-
Notifications
You must be signed in to change notification settings - Fork 14
Closed
Labels
bugSomething isn't workingSomething isn't working
Description
Describe the bug
When building the HDF5 file of the graph database using exposure component from the propedia database (and protCID database as well), I get the following error:
"""
Traceback (most recent call last):
File "/usr/local/lib/python3.9/multiprocessing/pool.py", line 125, in worker
result = (True, func(*args, **kwds))
File "/usr/local/lib/python3.9/multiprocessing/pool.py", line 48, in mapstar
return list(map(*args))
File "/root/deeprankcore/deeprank-core/deeprankcore/query.py", line 245, in _process_one_query
graph.write_to_hdf5(output_path)
File "/root/deeprankcore/deeprank-core/deeprankcore/utils/graph.py", line 218, in write_to_hdf5
node_features_group.create_dataset(
File "/usr/local/lib/python3.9/site-packages/h5py/_hl/group.py", line 183, in create_dataset
dsid = dataset.make_new_dset(group, shape, dtype, data, name, **kwds)

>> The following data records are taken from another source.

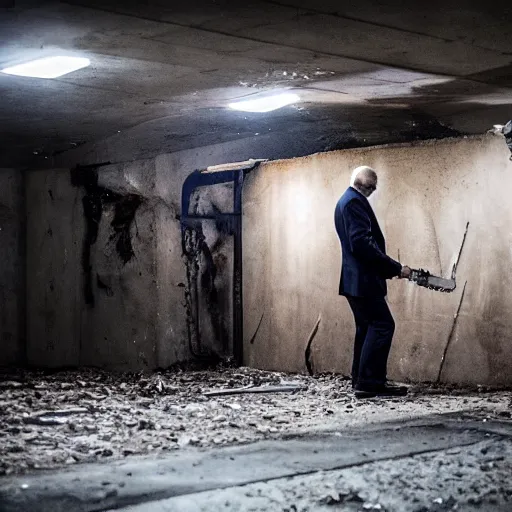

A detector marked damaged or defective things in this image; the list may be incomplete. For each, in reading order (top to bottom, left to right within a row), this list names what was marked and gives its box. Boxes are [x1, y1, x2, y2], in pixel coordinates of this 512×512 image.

damaged wall [0, 168, 24, 364]
damaged wall [243, 134, 512, 386]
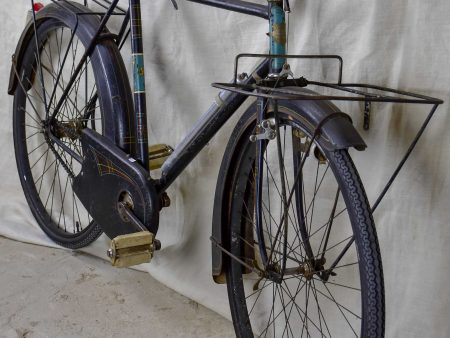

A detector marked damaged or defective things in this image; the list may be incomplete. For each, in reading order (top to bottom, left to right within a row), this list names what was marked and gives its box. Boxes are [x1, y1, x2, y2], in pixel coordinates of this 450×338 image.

rusty metal part [149, 144, 174, 170]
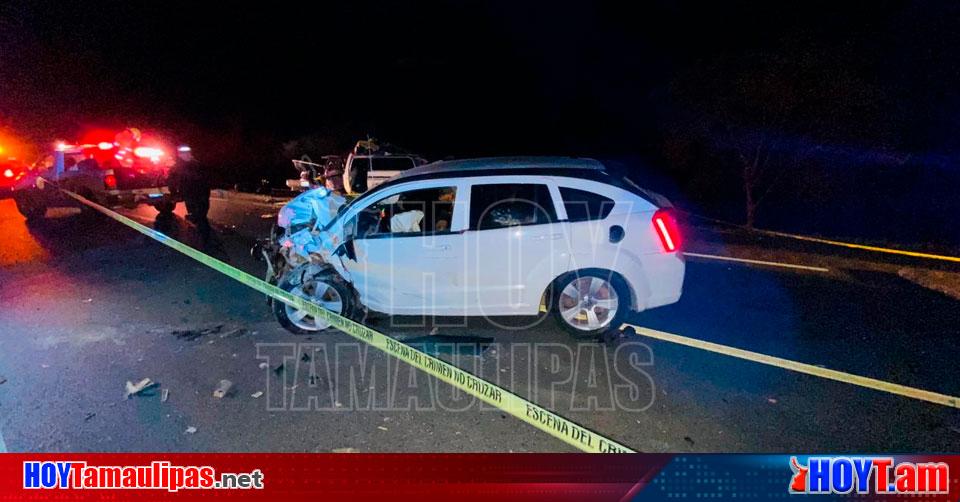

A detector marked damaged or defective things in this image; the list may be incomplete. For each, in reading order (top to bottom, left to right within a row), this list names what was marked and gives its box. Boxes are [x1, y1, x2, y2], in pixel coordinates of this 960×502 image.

white damaged car [262, 157, 684, 338]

File "/usr/local/lib/python3.9/site-packages/h5py/_hl/dataset.py", line 86, in make_new_dset
tid = h5t.py_create(dtype, logical=1)
File "h5py/h5t.pyx", line 1664, in h5py.h5t.py_create
File "h5py/h5t.pyx", line 1688, in h5py.h5t.py_create
File "h5py/h5t.pyx", line 1748, in h5py.h5t.py_create
TypeError: Object dtype dtype('O') has no native HDF5 equivalent
"""
The above exception was the direct cause of the following exception:
Traceback (most recent call last):
File "/mnt/netcache/data/dlepikhov/propedia_ssl/script/build_propedia.py", line 44, in <module>
h5_p = queries.process(
File "/root/deeprankcore/deeprank-core/deeprankcore/query.py", line 329, in process
pool.map(pool_function, self.queries)
File "/usr/local/lib/python3.9/multiprocessing/pool.py", line 364, in map
return self._map_async(func, iterable, mapstar, chunksize).get()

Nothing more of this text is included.